[[ Dataset records open ]]
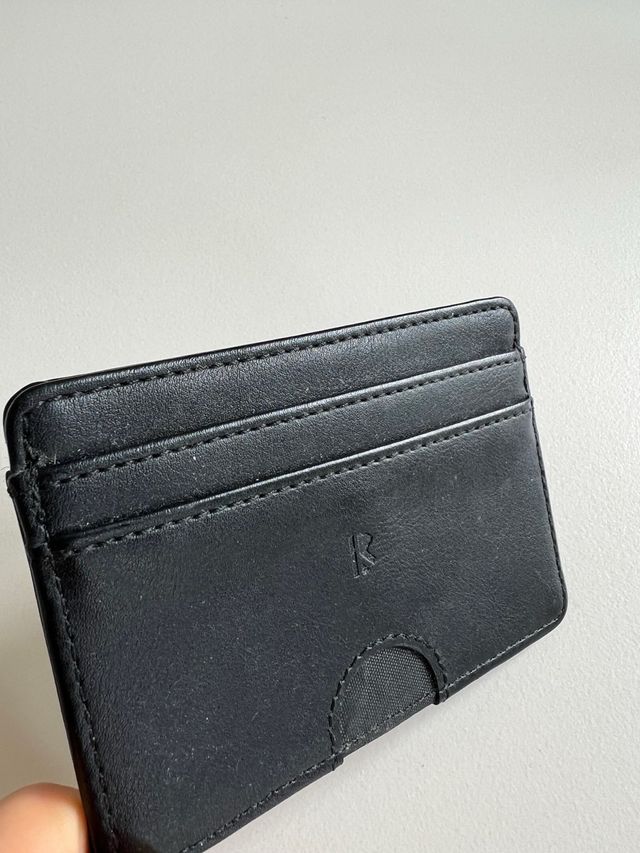 Billetera AirTag Apple - Negra
12 x 8 cm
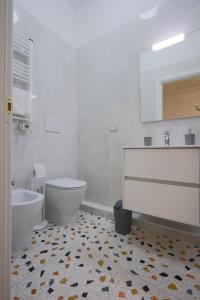 アヴェッツァーノにあるAl Castello Avezzanoの白いバスルーム(トイレ、シンク付)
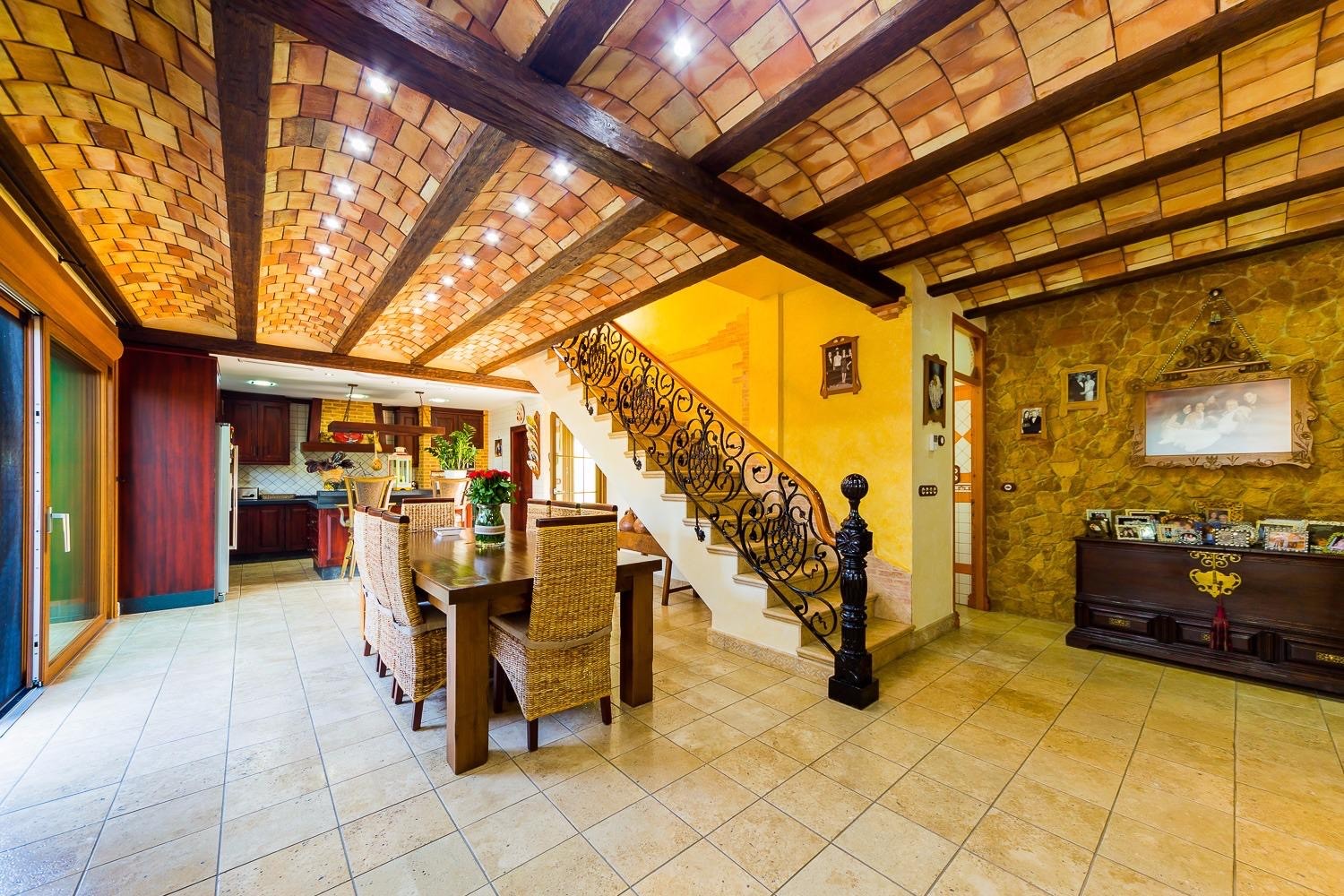 Country House for Sale in Almoradi, Alicante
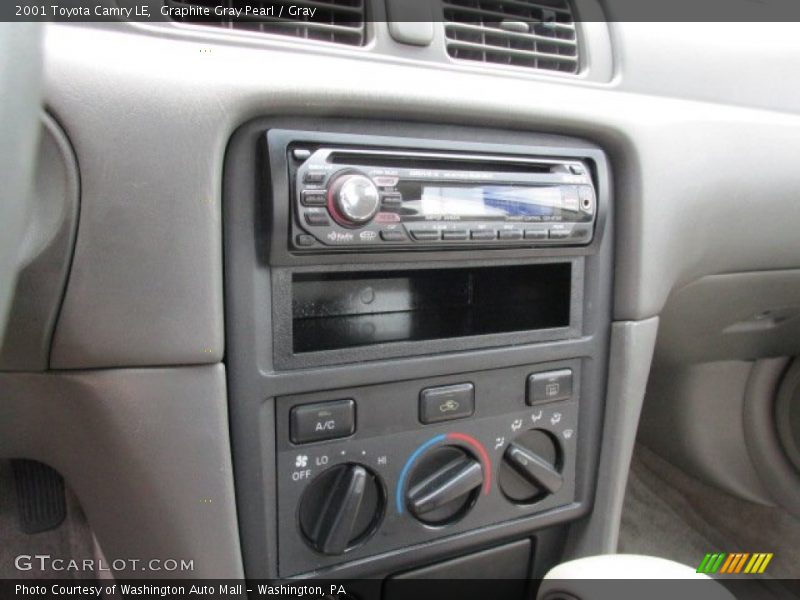 Graphite Gray Pearl / Gray 2001 Toyota Camry LE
[[ Dataset records closed ]]
Assignment → Repeat every entry above word for word, and include no pictures.

Completed exercise →
 Billetera AirTag Apple - Negra
12 x 8 cm
 アヴェッツァーノにあるAl Castello Avezzanoの白いバスルーム(トイレ、シンク付)
 Country House for Sale in Almoradi, Alicante
 Graphite Gray Pearl / Gray 2001 Toyota Camry LE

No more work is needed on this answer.